To answer the OP, the United States was set up as a federal republic, wherein sovereign States agreed to a central government with limited powers. As such, the States themselves selected the President according to a process which mirrored the composition of the House and Senate. The method of selecting Presidential Electors was and still is left to the States:
"Except for the electors in
Maine and
Nebraska, electors are elected on a "winner-take-all" basis.
[2] That is, all electors pledged to the presidential candidate who wins the most votes in a state become electors for that state. Maine and Nebraska use the "congressional district method", selecting one elector within each congressional district by popular vote and selecting the remaining two electors by a statewide popular vote." -Wiki
Thus, the direct popular election of the President is opposed in large States, whose power and influence would be diluted by proportional assignment of electors to each candidate, and in small States, who fear that vote manipulation in large urban areas could sway a national election.

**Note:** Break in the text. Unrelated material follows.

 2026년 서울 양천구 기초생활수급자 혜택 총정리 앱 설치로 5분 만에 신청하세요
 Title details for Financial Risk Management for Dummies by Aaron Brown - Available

The first step towards reforming this system would be to require proportional selection of all electors, but this would never be supported by the Democratic states.
The method of selecting Presidential Electors was and still is left to the States.

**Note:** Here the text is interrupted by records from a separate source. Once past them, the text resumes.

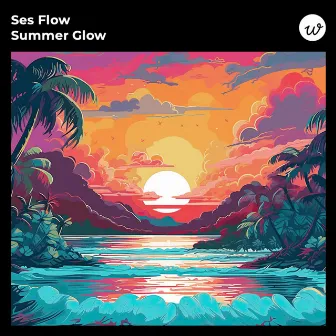 Summer Glow by Ses Flow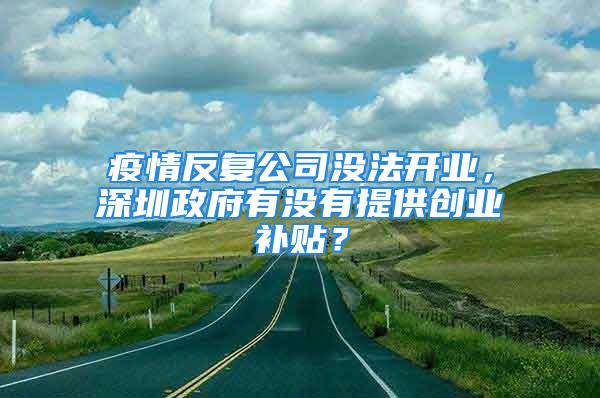 疫情反复公司没法开业，深圳政府有没有提供创业补贴？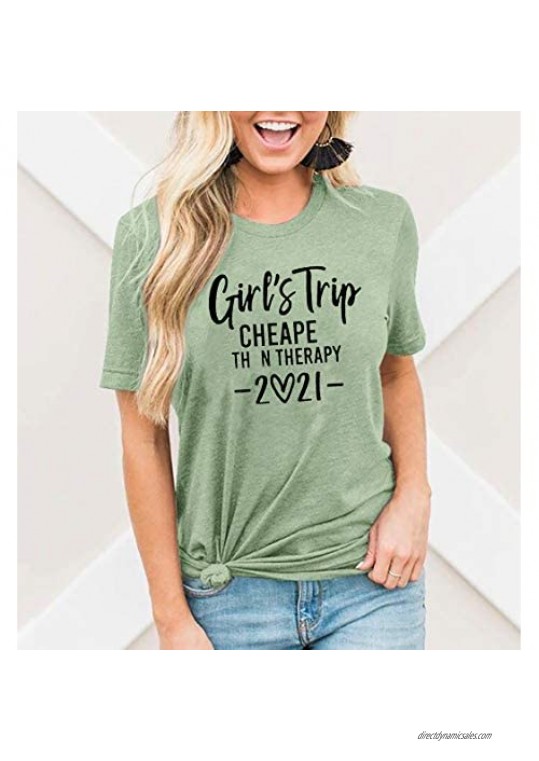 Girls Trip Cheaper Than Therapy 2021 T-Shirt Women Funny Letter Print Short Sleeve Casual Tee Tops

For states seeking to exercise their responsibility under the U.S. Constitution to choose a method of allocating electoral votes that best serves their state’s interest and that of the national interest, a proportional method falls far short of the National Popular Vote plan.
Support for a national popular vote is strong among Republicans, Democrats, and Independent voters, as well as every demographic group in every state surveyed recently. In the 41 red, blue, and purple states surveyed, overall support has been in the 67-81% range -in rural states, in small states, in Southern and border states, in big states, and in other states polled.
Americans believe that the candidate who receives the most votes should win.
The National Popular Vote bill that would guarantee the presidency to the candidate with the most popular votes in the country.
It would make every person's vote equal and matter to their candidate because it guarantees that the candidate who gets the most votes in all 50 states and DC becomes President.
All of the presidential electors from the enacting states will be supporters of the presidential candidate receiving the most popular votes in all 50 states (and DC)—thereby guaranteeing that candidate with an Electoral College majority.
The National Popular Vote bill has passed 33 state legislative chambers in 22 rural, small, medium, large, Democratic, Republican and purple states with 250 electoral votes, including one house in Arkansas (6), Connecticut (7), Delaware (3), The District of Columbia, Maine (4), Michigan (16), Nevada (6), New Mexico (5), North Carolina (15), Oklahoma (7), and Oregon (7), and both houses in California, Colorado (9), Hawaii, Illinois, New Jersey, Maryland, Massachusetts, New York, Rhode Island, Vermont, and Washington. It has been enacted by small, medium, and large states -- the District of Columbia (3), Hawaii (4), Illinois (19), New Jersey (14), Maryland (11), California (55), Massachusetts (10), New York (29), Vermont (3), Rhode Island (4), and Washington (13).
38 small, medium, and large states in 2012 had no political power or influence in the general election campaign.
Analysts already conclude that only the 2016 party winner of Florida, Ohio, Virginia, Nevada, Colorado, Iowa and New Hampshire (with 86 electoral votes among them) is not a foregone conclusion. So, if the National Popular Vote bill is not in effect, less than a handful of states will continue to dominate and determine the presidential general election.
More than 99% of presidential campaign attention (ad spending and visits) was invested on voters in just the only ten competitive states in 2012.
Two-thirds (176 of 253) of the general-election campaign events, and a similar fraction of campaign expenditures, were in just four states (Ohio, Florida, Virginia, and Iowa).